AL: Yes, so again, you were just meant to be there, meant to be doing it.

PDL: It was meant to be. I didn’t do anything—it just happened! 

AL: Could you provide insights into how you identify emerging trends and translate them into innovative designs that resonate with consumers? 

PDL: Well, trends are mainly divided by simplifying macro trends and micro trends. Macro trends [are] everything that implies a global transformation and impact every sector and every aspect of human life. Climate change is a macro trend—it is a phenomenon that is impacting. The ageing population is impacting. Geopolitical changes are impacting. Civil rights and equality, and gender equality are impacting. So those are examples of the digital age as a macro trend. The jewellery sector is impacting consumer culture, therefore, the way we [style] ourselves, the way we [buy], the way we [perceive] culture, jewellery styling, communication. So we collect data, both statistical and quantitative data, but also qualitative data, and also semiotics, meaning imagery. So if we can give a code to imagery, like image recognition, selection with software and AI, that’s what we do. It’s simplified by digital, the hashtag in analytics, we [can] collect data, analyse data, and make projections. That’s how we come up. 

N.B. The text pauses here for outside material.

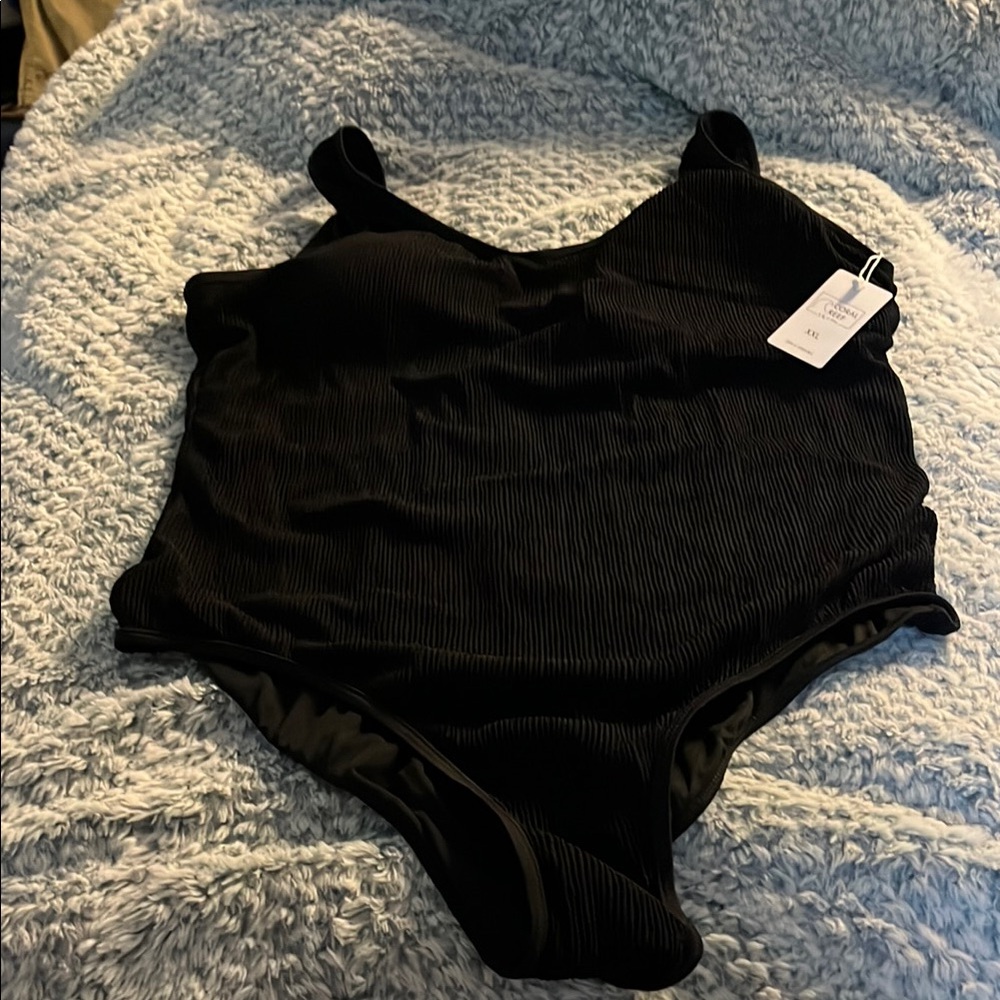Classic Black One Piece Swimsuit with Scoop Neckline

AL: What advice would you give to an aspiring designer or professional looking to make a meaningful impact in the jewellery industry?

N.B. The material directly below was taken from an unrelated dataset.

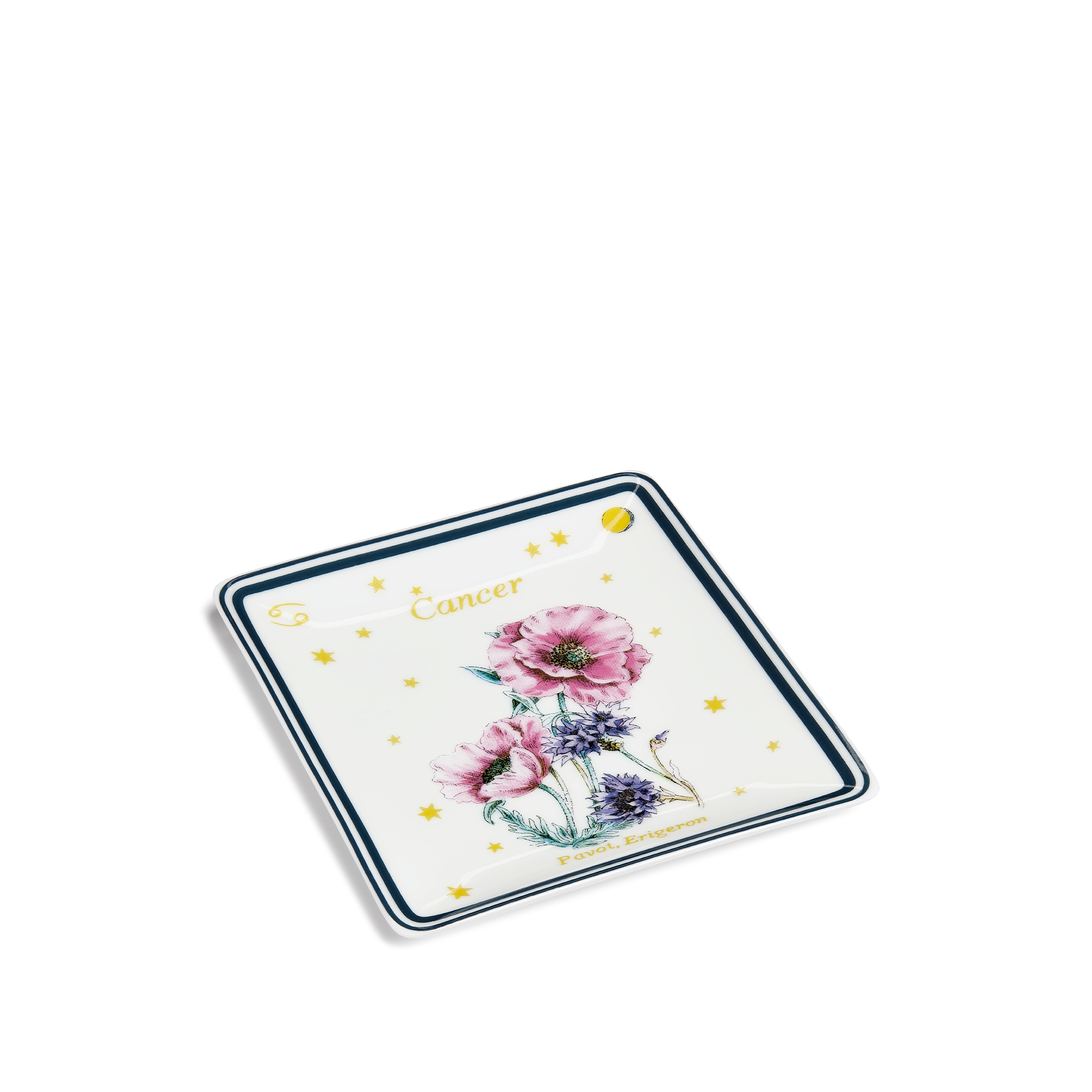 飾品托盤 米白色 Limoges 陶瓷配多色 Fleur du Zodiac 巨蟹座主題圖案 E03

PDL: Follow your instinct and study. That’s what I would do—that’s what I did. Follow your instinct, meaning, heart and talent, and have a holistic approach, but there is no shortcut. I strongly believe that studying and putting in the time is the way to go. Before I [spoke] with the designer, she said, “What can I do to be successful in the Australian market?” And I said, “Do you know what you want? Do you know who you are? And have you studied? Did you go [to] the stores? Did you study trends in terms of sales? Did you study retail business in Australia or any parts of the world?” So not only do you have to study, but you have to understand, learn methodology, have a system, and have a discipline. And that less is more, meaning that the more you study, the more you are strategic, and by having a strategic approach, you’re going to be successful. It doesn’t work otherwise.

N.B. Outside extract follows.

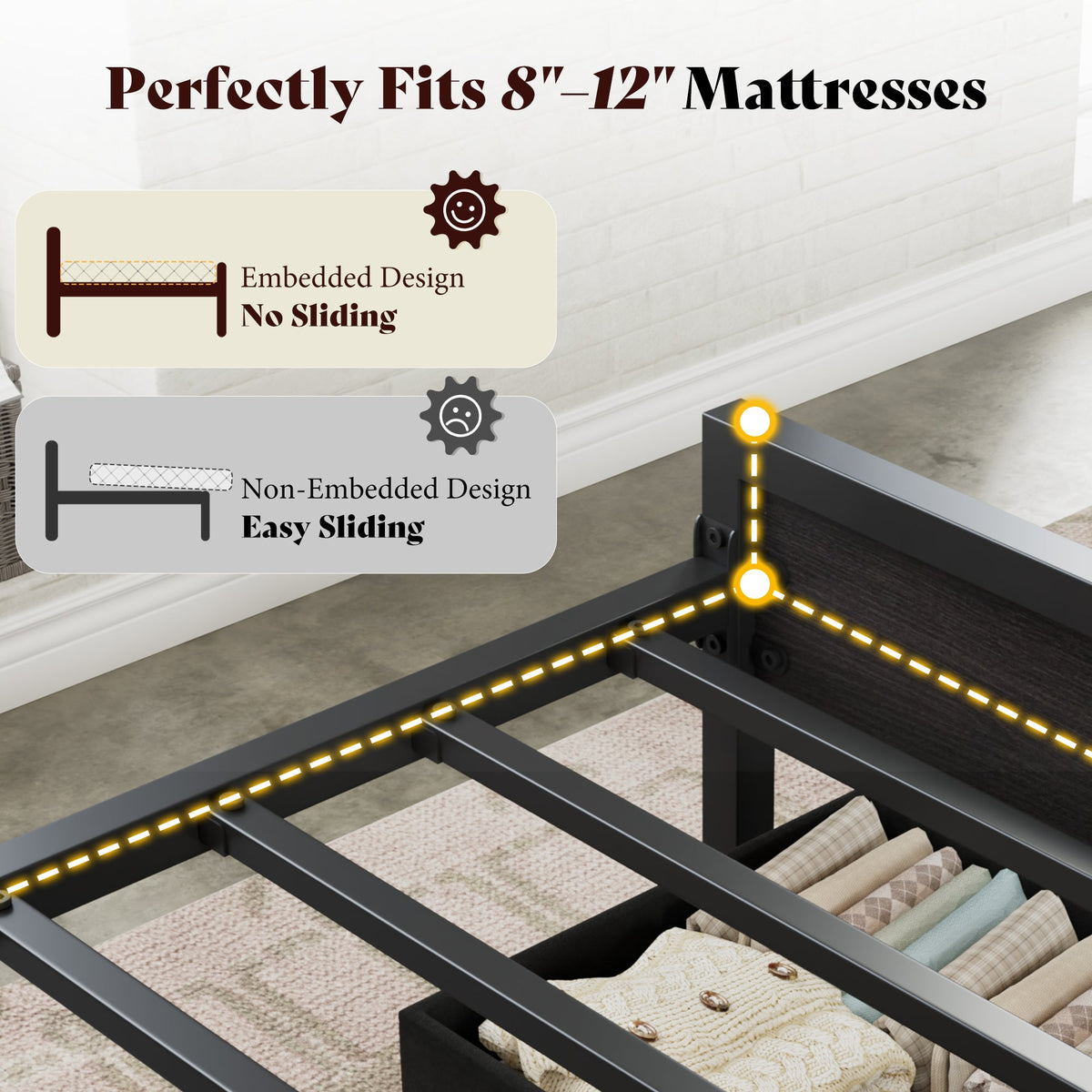 Veltrix LED Storage Velvet Bed Frame Amerlife King / Black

AL: Well, speaking of Australia, it’s your first time here and your first presence at the jewellery industry fair, which has generated a lot of excitement. What are you most looking forward to experiencing during your time here, and how do you anticipate the Australian jewellery industry and creative scene might differ from your previous experiences? 

PDL: I’m very happy to be here and very excited. I am very impressed by the attitude of Australians. I think there is great creativity here. I think we are at the beginning of something huge. You guys [points to Ashie], being the young generation in Australia, [can] start from a very good beginning, a good start. Not only can you be successful in Australia, but you can be successful abroad. I think that being a cultural melting pot and also developing an Australian culture enables you to be very successful. I see a lot of creativity. There is, of course, a market journey and development to be done, which is great because I like the holistic approach of Australians. Having a particular love for life, and this is not something negative, I think it is great. I think that it’s very modern, it’s very in the now. It’s like celebrating life and working and celebrating. That’s what it’s all about. It’s not just about selling jewellery, selling gold, making money. I think you guys can be the present and future of the jewellery industry. 

AL: It’s nice to hear you say that. Lastly, on a more personal note, what motivates you and inspires you to continue pushing [the] boundaries of creativity and innovation in the jewellery industry?

PDL: My love for innovation, my love for the best is yet to come, of overcoming challenges, of learning. I’m still hungry for knowledge. Every day I live my day as if it was the last day of my life, and every day I push and I ask myself, what’s next?